Coding, as with so many things we do in life, is about correcting mistakes. You do something, you see what you did wrong, you correct. When you’re coding, this is known as debugging. Write a little code, run your code, get errors, debug.
A tool called a debugger lets you see the inner workings of the program to locate problems. The work of debugging means finding mistakes, rewriting, and trying again. And again. Bit by bit, the program will start to work.
Debugging is the hard part of programming. Understanding the difference between what your program does and what you want it to do is a challenge even to professionals. Without a debugger it’s harder still -- tricky for professionals, cause to quit for amateurs.
So why do most systems for learning programming come without a friendly debugger?

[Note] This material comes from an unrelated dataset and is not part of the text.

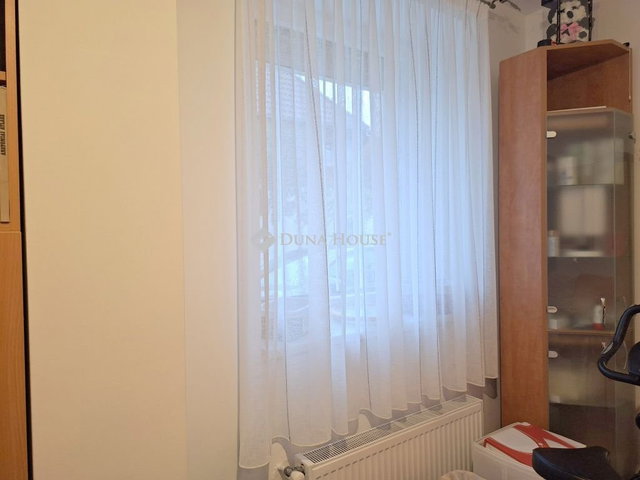 Eladó téglalakás, Budapesten, XX. kerületben, Frangepán utcában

Sure, you can use the built-in debugging tools that come with the programming language, but they’re not made for beginners. They’re engineering tools, not teaching tools.
We realized that for new code learners to make it past the dragons, demons and debuggers to the inner sanctum of understanding coding we needed to provide them with a way to get there. So we created a friendly debugger.

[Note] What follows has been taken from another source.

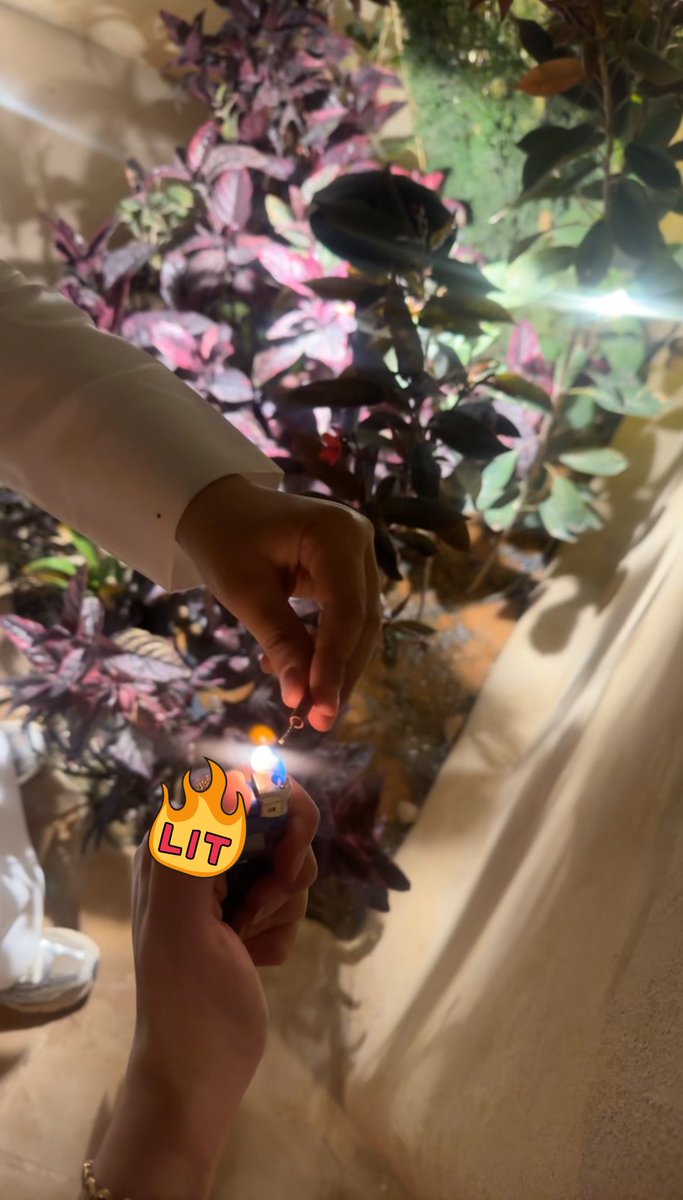 weamii8's tweet photo. ليلة العيد >>ايام العيد✨✨❤️💕🩵 https://t.co/wyG1SAN6K6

It’s not as simple as debugger X is not friendly and debugger Y is friendly. It’s more than that. It’s about how the learner experiences the process of learning about what a debugger is and then how they will come to use debuggers once they get the hang of it.
And here’s the lightbulb fireworks part:
A debugger is a tool that developers use.
A debugger in its native form is not something that learners need to wrestle with.
Here is an error message (not an important one) if you open the Chrome debugger:
DevTools failed to load SourceMap:
Could not load content for
HTTP error: status code 404, net::ERR_UNKNOWN_URL_SCHEME
If you’re already an engineer you already know what this is, but for learners, that kind of impenetrable text can be a deal breaker. For teachers, it’s a helluva tall order to teach learners to use.
How many more learners would make it to the next level if they were given a more friendly path to learn to use a debugger? Remember that debugging is the thing that allows students to move to an intermediate level of skill with coding.
Why do we have this concept that it needs to be hard to learn to code?
I think it comes down to kind of a protective barrier in the tech paradigm that says “it’s not for everyone.” And there’s something to that. Not everyone wants to be a programmer.
But as with reading, though not everyone is going to be a prolific reader, we teach everyone how to do it, and we recognize literacy as a basic educational duty.
We’ve reached the point in our social and economic relationship to technology that this level of literacy with coding is needed.
The paradigm is shifting every day, of course. There are people working on solving the problem of making tech accessible to users, decision makers, and engineers. Teachers working with kids in electives and AP classes and even some elementary schools embracing early coding processes.
What I’m doing writing this blog is sharing an innovation that will bring coding literacy to students and support learners not giving up.
Maybe you don’t want to grow up to be a programmer, but you have the choice. You know what a @#〄!ሂሙⴲ*$ debugger is and you’re not afraid to use it.